Records for this task:
#####
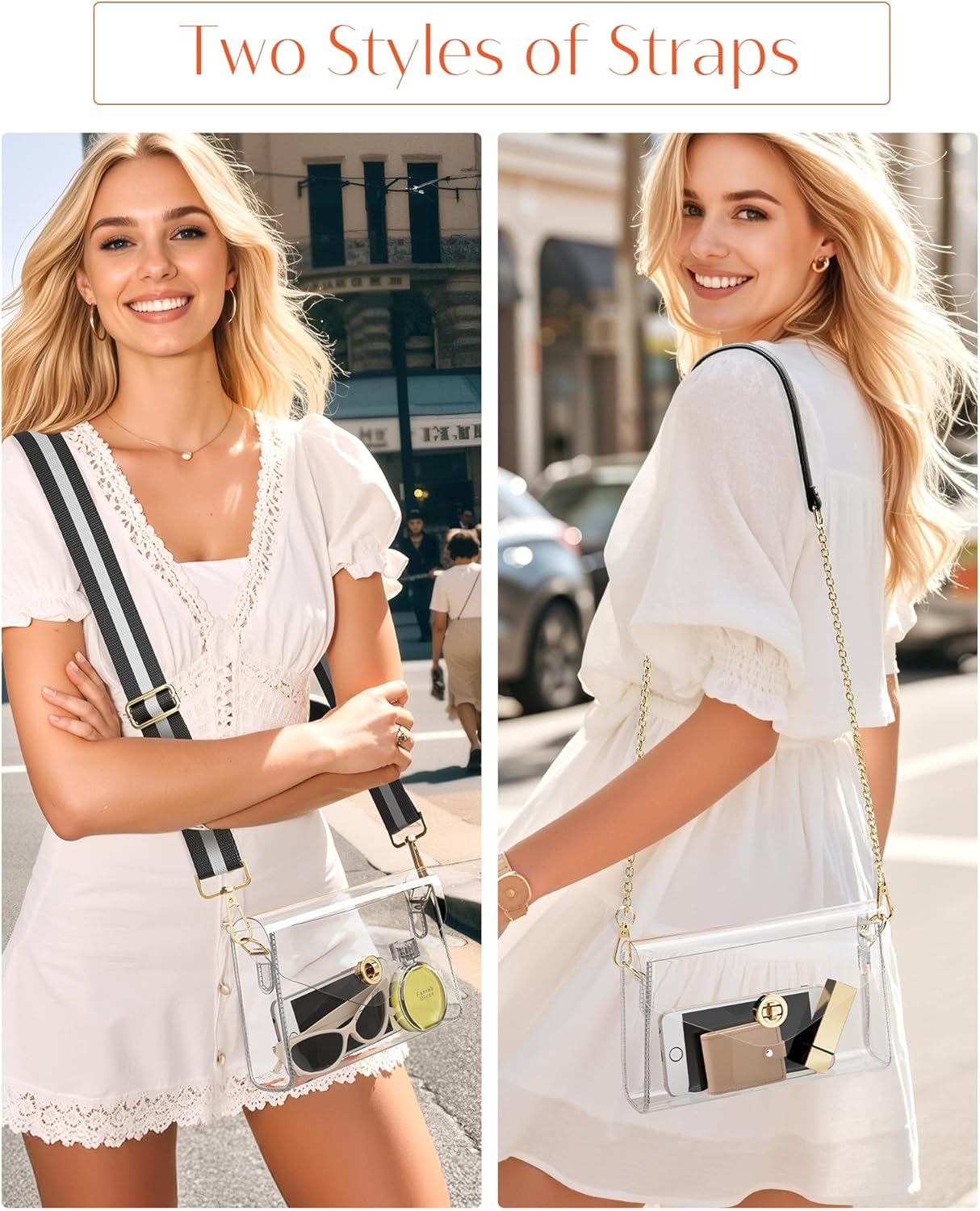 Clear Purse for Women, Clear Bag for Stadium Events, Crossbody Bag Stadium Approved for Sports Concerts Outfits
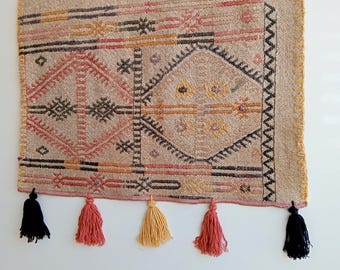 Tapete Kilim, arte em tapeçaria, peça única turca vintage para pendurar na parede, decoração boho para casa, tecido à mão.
#####
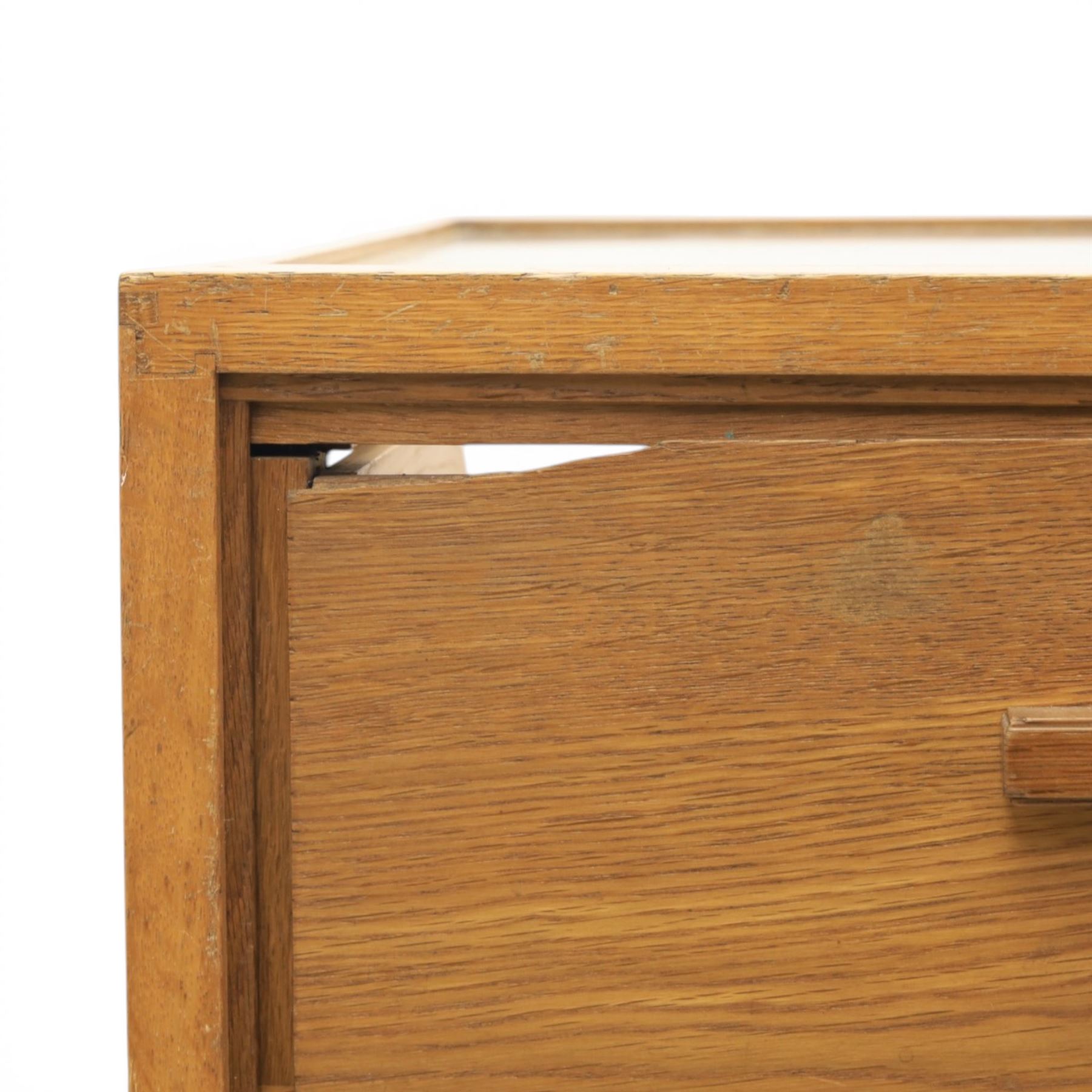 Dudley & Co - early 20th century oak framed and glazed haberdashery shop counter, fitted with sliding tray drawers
#####
Directions: Would you write out exactly the lines above, starting at the line containing "Clear Purse for" and stopping after the line containing "Tapete Kilim, arte"? Omit the pictures.

Response for this exercise:
 Clear Purse for Women, Clear Bag for Stadium Events, Crossbody Bag Stadium Approved for Sports Concerts Outfits
 Tapete Kilim, arte em tapeçaria, peça única turca vintage para pendurar na parede, decoração boho para casa, tecido à mão.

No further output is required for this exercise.